FA: Do Armenian young men in the military also serve outside of Armenia?

AZM: That’s a very good question. That’s part of my job now. Armenia over the years has developed a significant experience in peacekeeping operations. We have a peacekeeping brigade. In 2004 we started with NATO-led peacekeeping operations in Kosovo, and subsequently with Iraq and also in Afghanistan. Relevant to me, for the first time, in 2014, we contributed 32 servicemen to a United Nations-led operation in UNIFIL in Lebanon. This latter makes us more engaged in peacekeeping, and as representatives at the UN, this makes us more engaged in the politics, mechanics, and the policy shaping of peacekeeping.

FA: Why did you choose to become a diplomat? Were you motivated by your parents? Were there childhood experiences which drew you to your career?

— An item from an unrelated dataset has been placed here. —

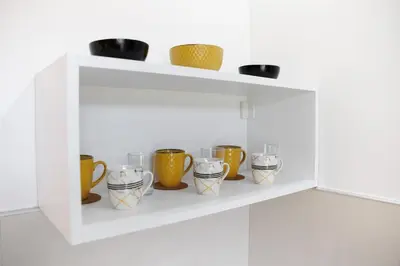 a white shelf with cups and bowls on it at Vila Jevtić studio 3 in Soko Banja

AZM: I’ve always had this strong inclination since childhood. My interest has always been how other countries lead, the way they organize their lives, the way the world is shaped, their cultures, and how they communicate with each other. I like working in multi-lateral diplomacy.

My parents have played a fundamental role by encouraging me. I come from a typical hardworking middle class family – my father born in Yerevan, was an engineer in software and a manager, and my mother was born in Tiflis and is a teacher. The most devastating time was the passing of my father two years ago. A big chunk of my life is not present with me – his spirit, presence, words, dignity, and most of all his sense of decency and integrity, everything that shaped my environment and world. Both my parents were devoted to the upbringing of the family.

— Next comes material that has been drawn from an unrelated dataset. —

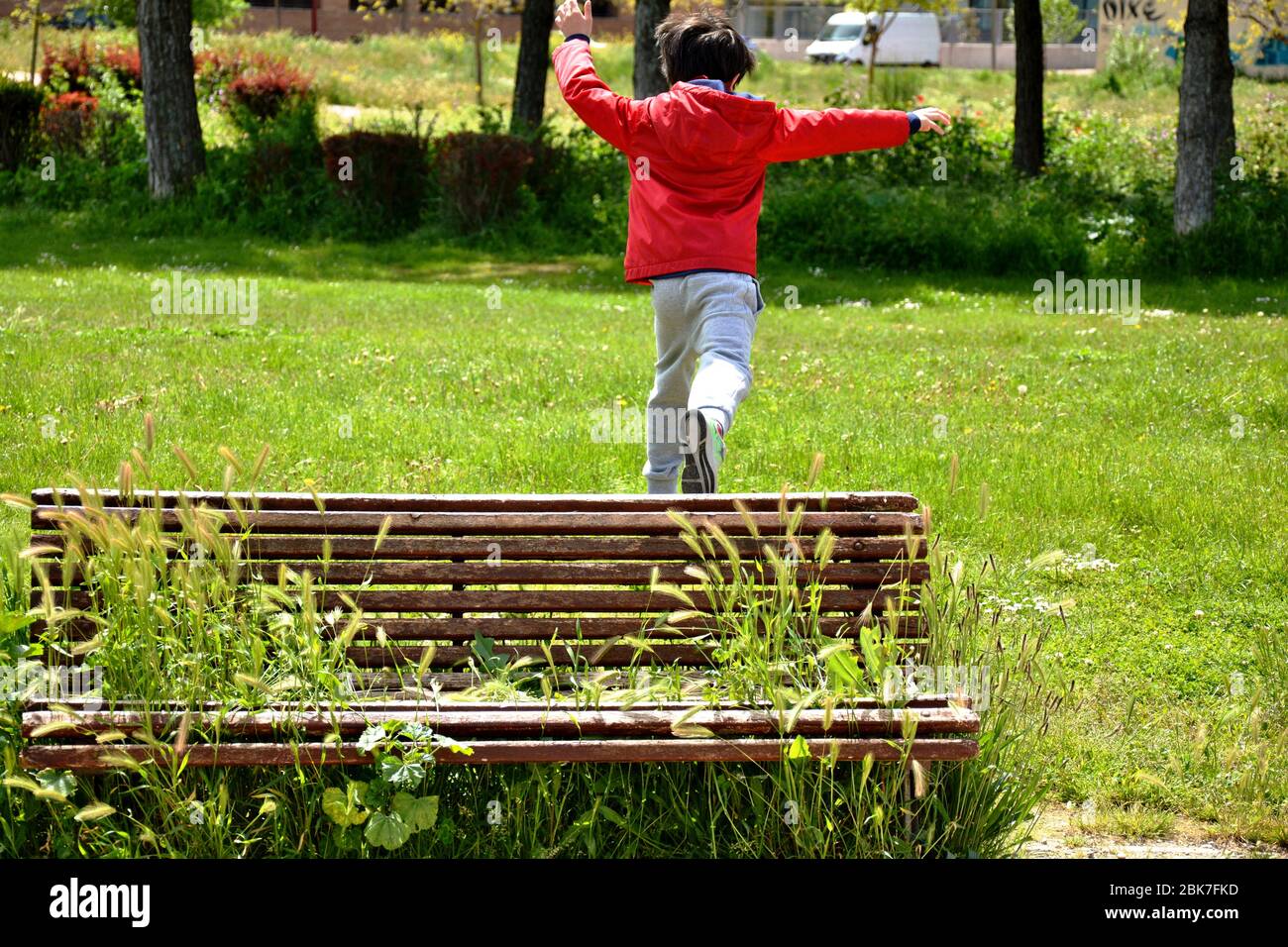 Boy playing at the park hi-res stock photography and images - Alamy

FA: What are your feelings, and experiences of living in New York?

AZM: I have been here many times before, but it’s different when you live here. I have known New York as a place of thought, ideas and daring, so it hasn’t disappointed me. It’s very exciting. Whenever there is time available, I prefer to go to downtown Manhattan — the youth, spirit, art. People dare to think, act. The energy here is huge. My free time is spent in trying to understand how society works here through different news events, such as the police vs. Eric Garner case. I love reading The New Yorker, and I’m obsessed with radio. I’ve grown up with the BBC News Service. I love the Metropolitan Museum of Art, and MOMA, especially contemporary art and design, and when time permits, I exercise by swimming.

FA: What is the one lesson that life has taught you?

AZM: In my life I’ve learned one thing. Don’t try to chase fairness. The world unfortunately is unfair. Just do your job, and try to chase your interests.

I just want to add that I think we Armenians are a great people — the culture, the sense of time, history, of self, and of civilization.